Crossing into Hungary, we purchased a giant map, found the street our hostel was on (one of six with the same name), and proceeded to drive to the completely wrong end of Budapest, ending up in the very outer 'burbs. Some local lads finally got us on the right track, and 50 mins later we were driving down the pock-holed road of our hostel. The following day we checked out both sides of the city - the older and more residential Buda on the west side of the Danube river, and the more cosmopolitan Pest on the east side. At this point the girls decided it was again time for more retail therapy - well-timed to shelter from the afternoon's driving rain. We had dinner at the "Rollin' Rock" restaurant (how original), on the same street as our hostel, yet somehow managed to get lost trying to find our way home - thanks again to the confusing and irritating one-way system.
The next day we were to return to Austria. Vienna was the final city I would spend time in with Mum and Dad, before they flew off to Turkey.
Krakow's Rynek Glowny - the largest medieval town square in Europe (about 800m wide and 1200m long).
The Poles like to parade through the square in their formal attire after a wedding -
this little girl was part of one such group.
The obligatory handstand. I had to attempt this one a few times and embarrassingly drew a little crowd
(some guy even clapped). Notice the shoe on the ground - always the same shoe comes off!
The Poles have had a go at building cars too, and there were hundred of these mini-sized
midgets disappearing into the pot-holes.
The imposing barbed-wire fence lining the perimeter of Auschwitz.
A visitor to the camp takes some time out from the horror of it all.

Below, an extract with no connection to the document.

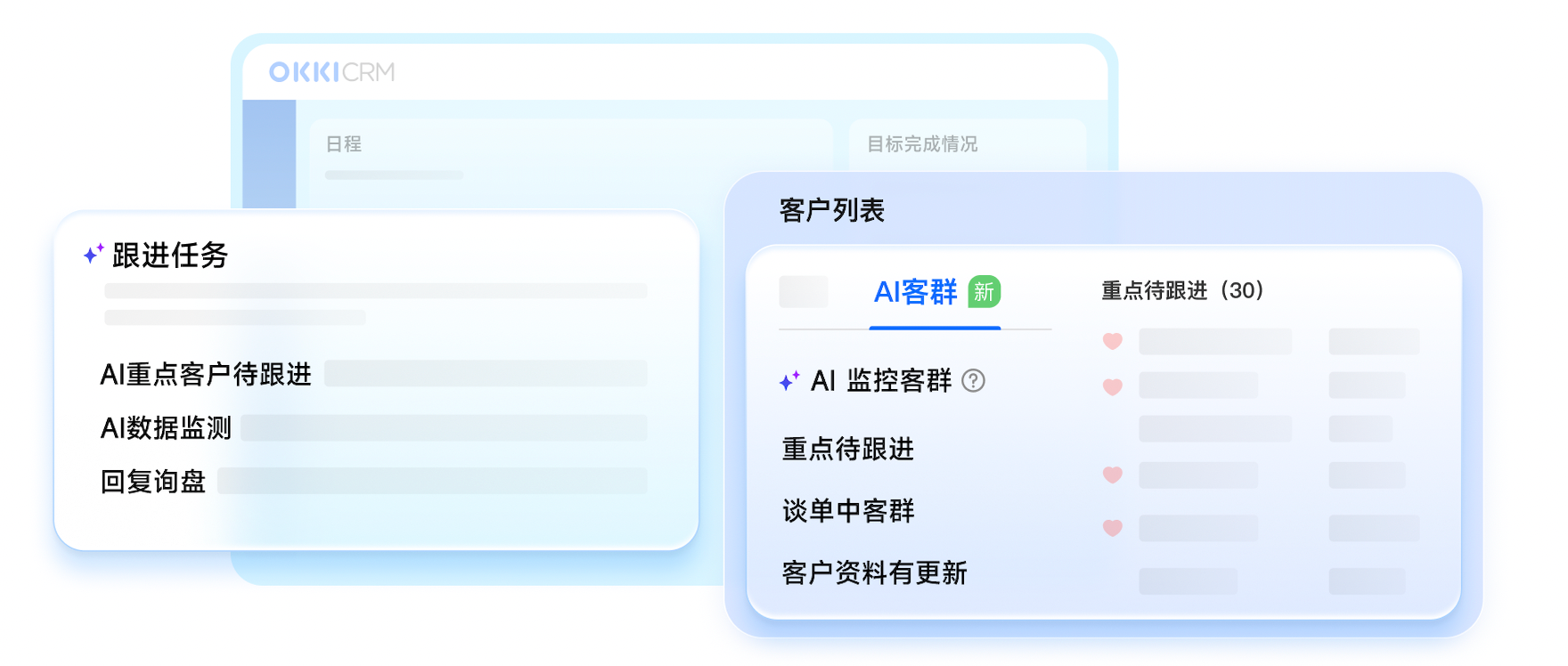 1765438545560657pWAj.png image.png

Brain-washing seems to work.
Here's the gang enjoying the best coffee we had in Poland, 130m below ground level in the salt mine.
Rather than mine the salt like he was supposed to, one worker chose to carve images into the rock.
A Slovakian wheat field. (ok, so not particularly exciting, but I liked the picture)
Hungary seems to be quite a religious place. Here one merely has to take the motorway to get closer to God.
Looking through an arch of the Fisherman's Bastion (defense installation) atop the hill of Buda.
The impressive parliament buildings on the Pest side. Inspired by London's Houses of Parliament,
it is the largest building in Hungary, with 691 rooms.
A woman plays the huge organ inside Budapest's largest cathedral -
St. Stephen's basilica - one of the most amazing cathedrals (on the inside) I've visited to date.
Mum, Dad and I taking time-out in Budapest.